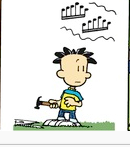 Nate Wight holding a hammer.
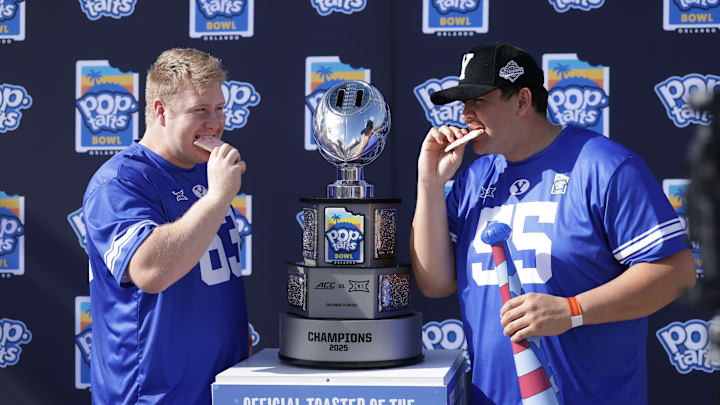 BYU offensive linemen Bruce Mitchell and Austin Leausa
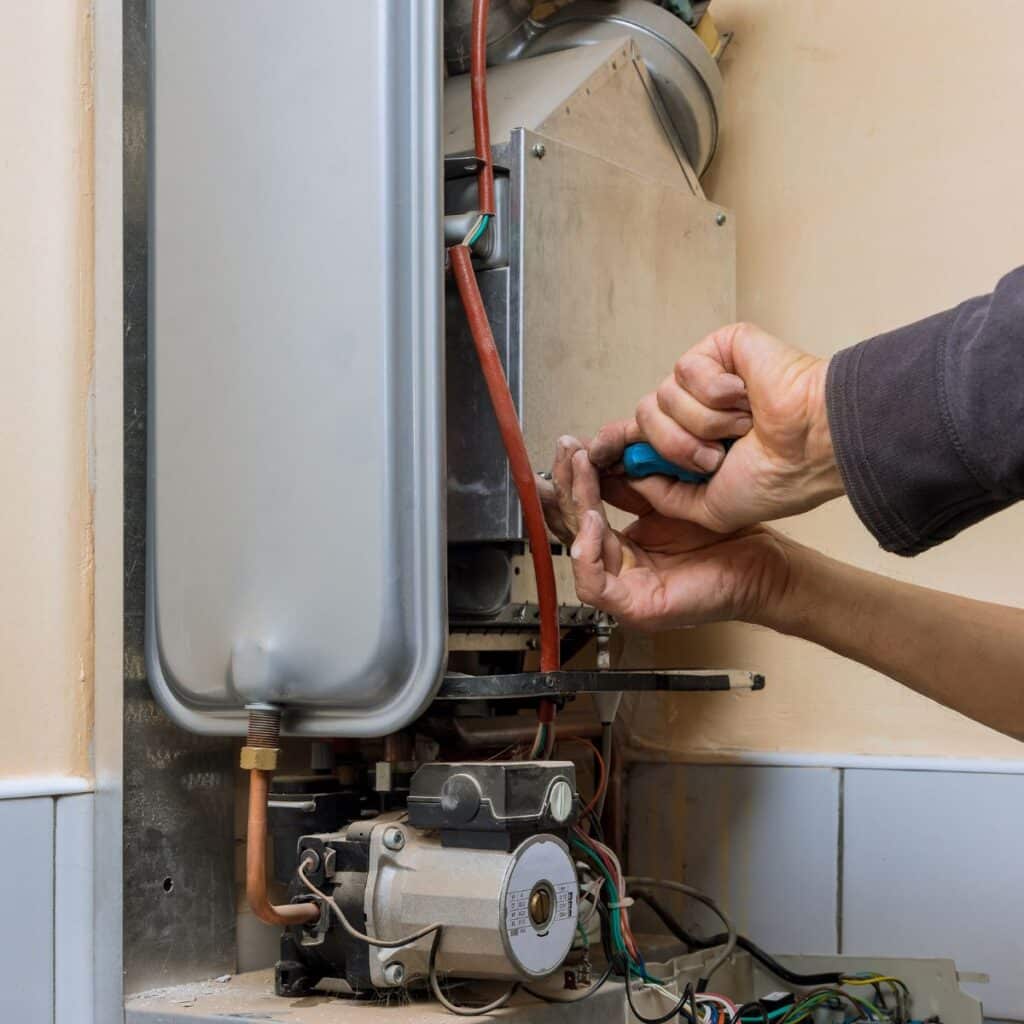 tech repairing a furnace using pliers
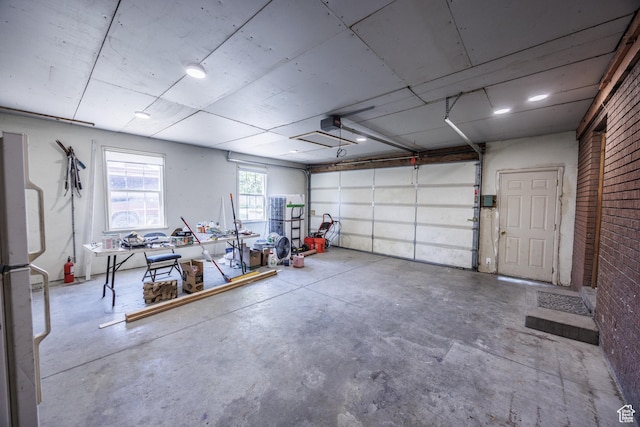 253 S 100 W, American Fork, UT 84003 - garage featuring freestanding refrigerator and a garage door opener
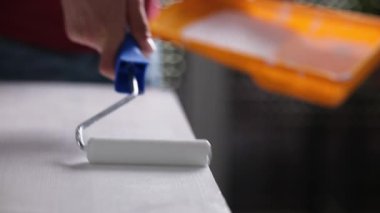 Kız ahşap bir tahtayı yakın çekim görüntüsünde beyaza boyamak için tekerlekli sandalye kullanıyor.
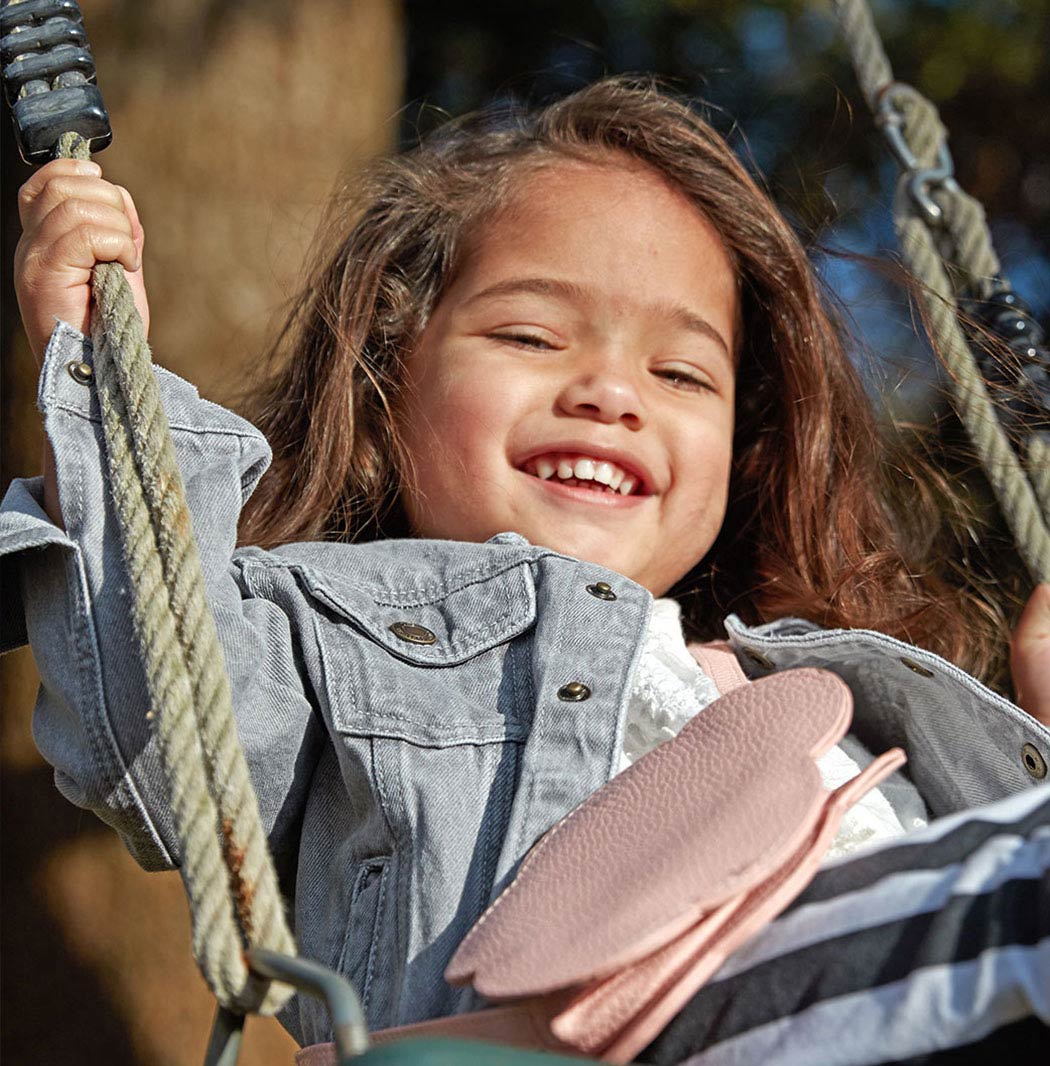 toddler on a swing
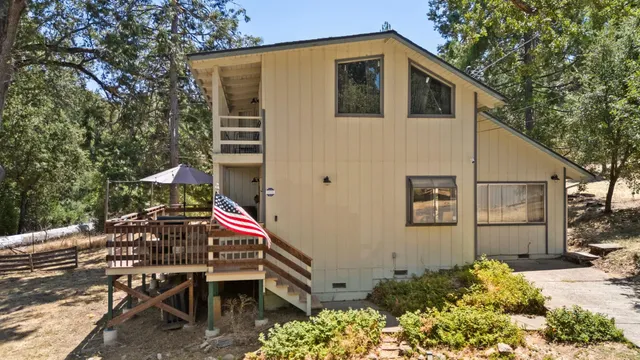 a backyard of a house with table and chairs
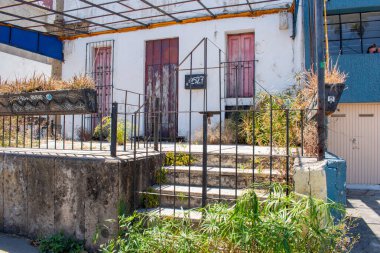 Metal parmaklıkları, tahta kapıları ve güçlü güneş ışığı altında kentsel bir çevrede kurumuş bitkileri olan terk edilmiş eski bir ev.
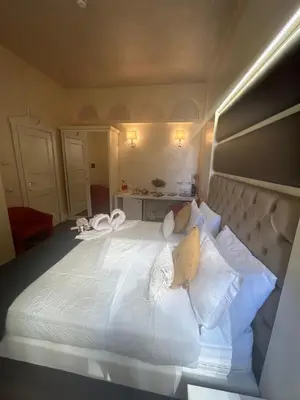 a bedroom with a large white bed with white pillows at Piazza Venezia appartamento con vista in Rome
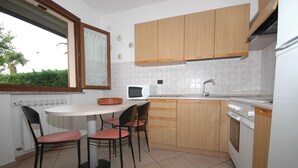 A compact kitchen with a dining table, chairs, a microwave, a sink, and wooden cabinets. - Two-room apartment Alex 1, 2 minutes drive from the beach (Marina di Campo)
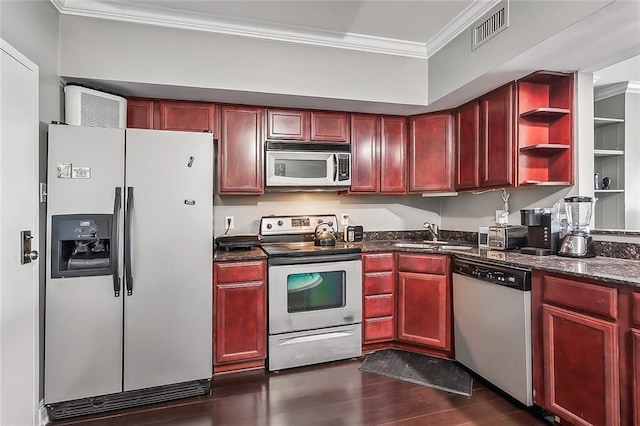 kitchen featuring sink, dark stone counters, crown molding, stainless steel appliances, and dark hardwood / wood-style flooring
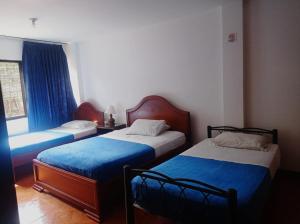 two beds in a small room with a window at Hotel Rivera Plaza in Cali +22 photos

--

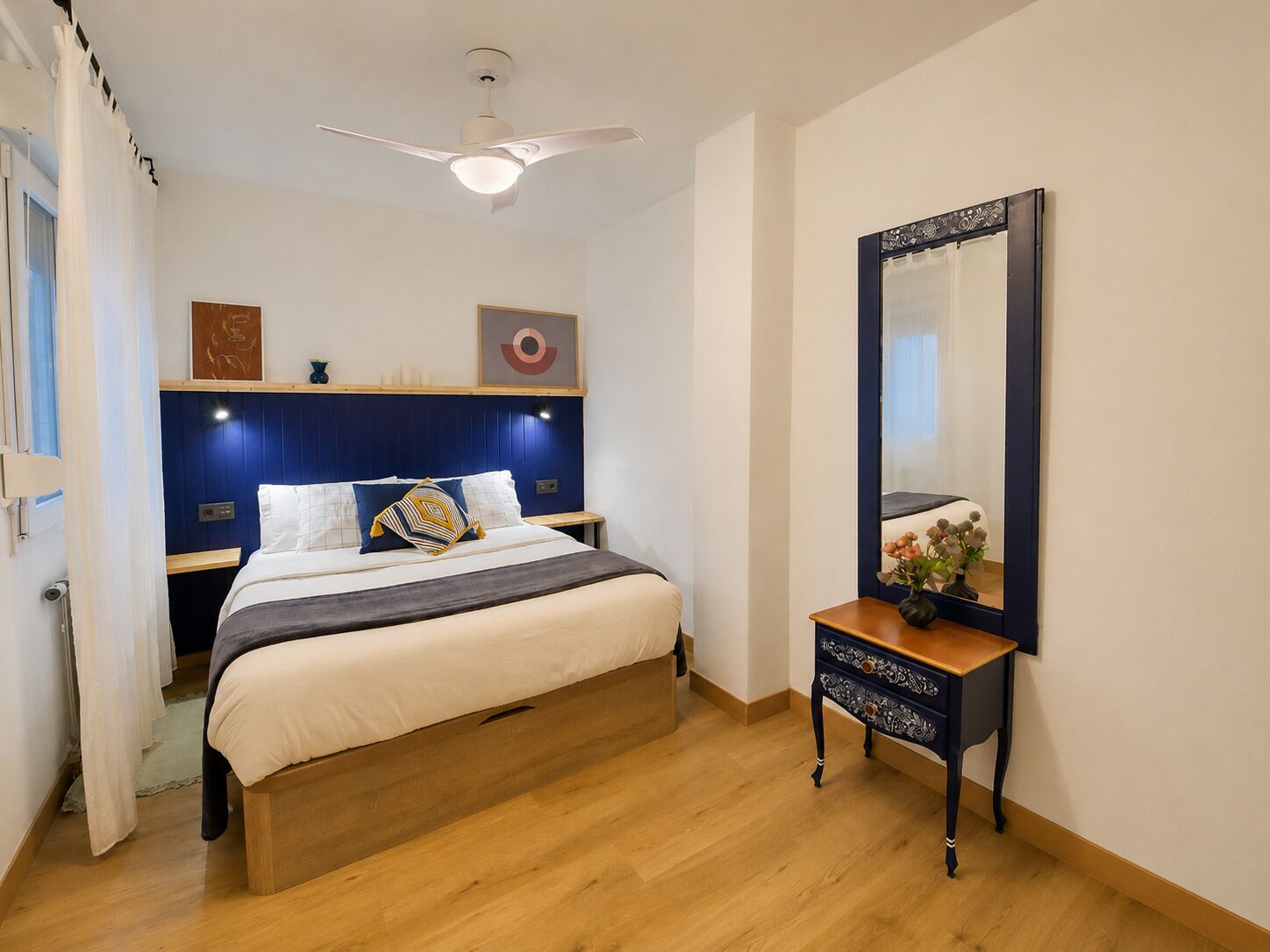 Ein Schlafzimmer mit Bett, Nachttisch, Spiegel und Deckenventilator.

--

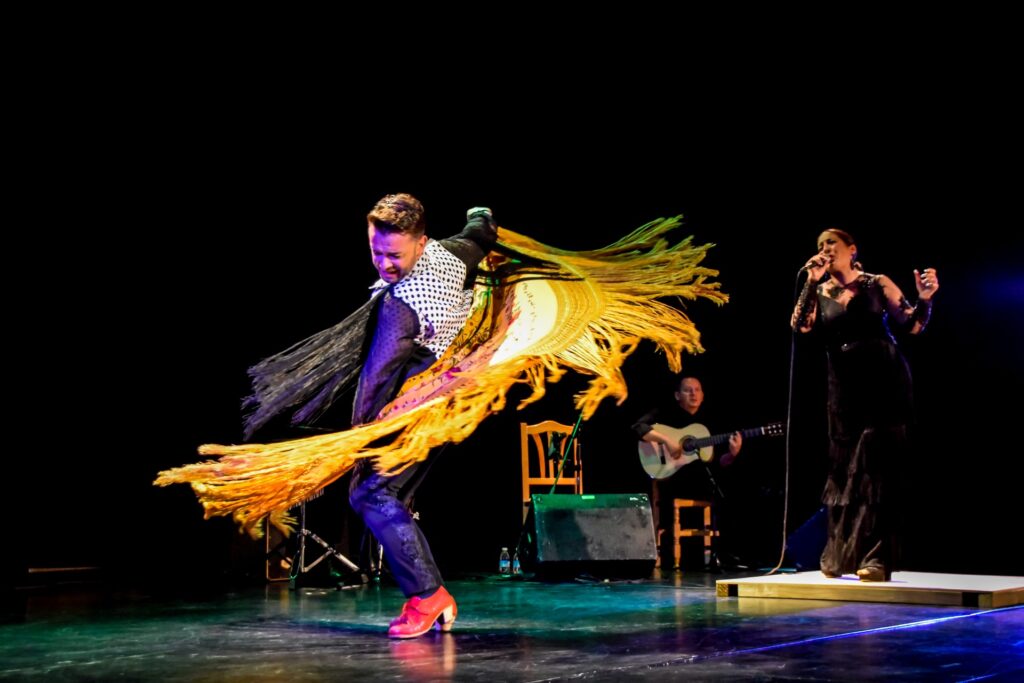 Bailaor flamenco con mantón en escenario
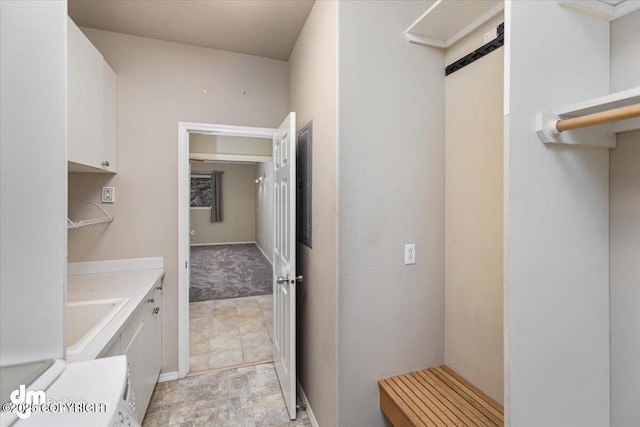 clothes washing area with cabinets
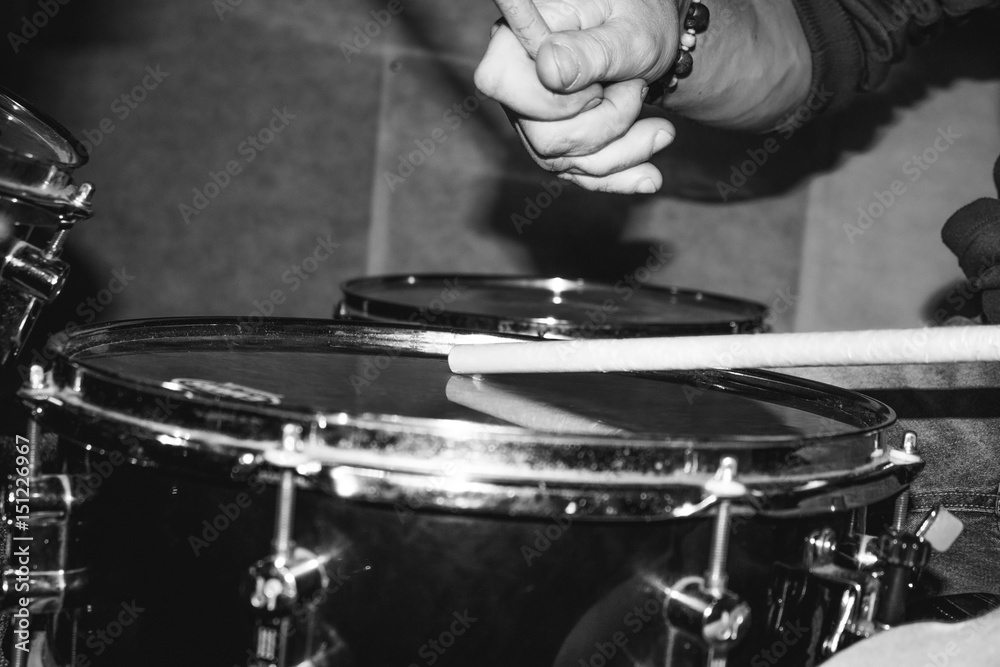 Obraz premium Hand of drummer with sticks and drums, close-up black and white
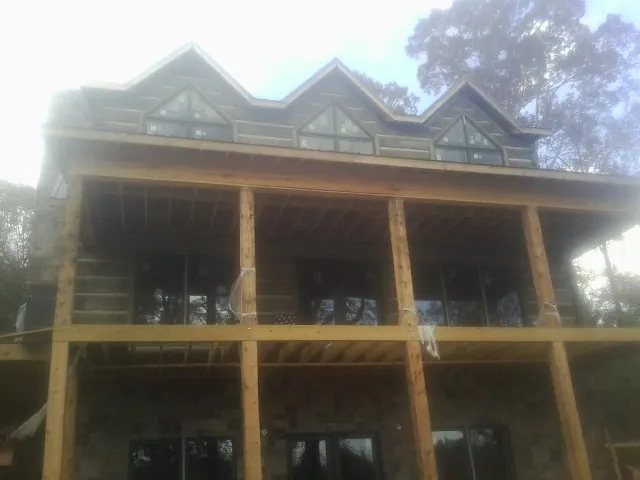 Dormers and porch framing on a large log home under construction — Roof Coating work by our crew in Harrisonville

## TRY IT
In the listing above, find the line with "Nate Wight holding a hammer." and the line with "two beds in". Transcribe those two and everything between, exactly, leaving out pictures.

## RESPONSE TO THE TASK
 Nate Wight holding a hammer.
 BYU offensive linemen Bruce Mitchell and Austin Leausa
 tech repairing a furnace using pliers
 253 S 100 W, American Fork, UT 84003 - garage featuring freestanding refrigerator and a garage door opener
 Kız ahşap bir tahtayı yakın çekim görüntüsünde beyaza boyamak için tekerlekli sandalye kullanıyor.
 toddler on a swing
 a backyard of a house with table and chairs
 Metal parmaklıkları, tahta kapıları ve güçlü güneş ışığı altında kentsel bir çevrede kurumuş bitkileri olan terk edilmiş eski bir ev.
 a bedroom with a large white bed with white pillows at Piazza Venezia appartamento con vista in Rome
 A compact kitchen with a dining table, chairs, a microwave, a sink, and wooden cabinets. - Two-room apartment Alex 1, 2 minutes drive from the beach (Marina di Campo)
 kitchen featuring sink, dark stone counters, crown molding, stainless steel appliances, and dark hardwood / wood-style flooring
 two beds in a small room with a window at Hotel Rivera Plaza in Cali +22 photos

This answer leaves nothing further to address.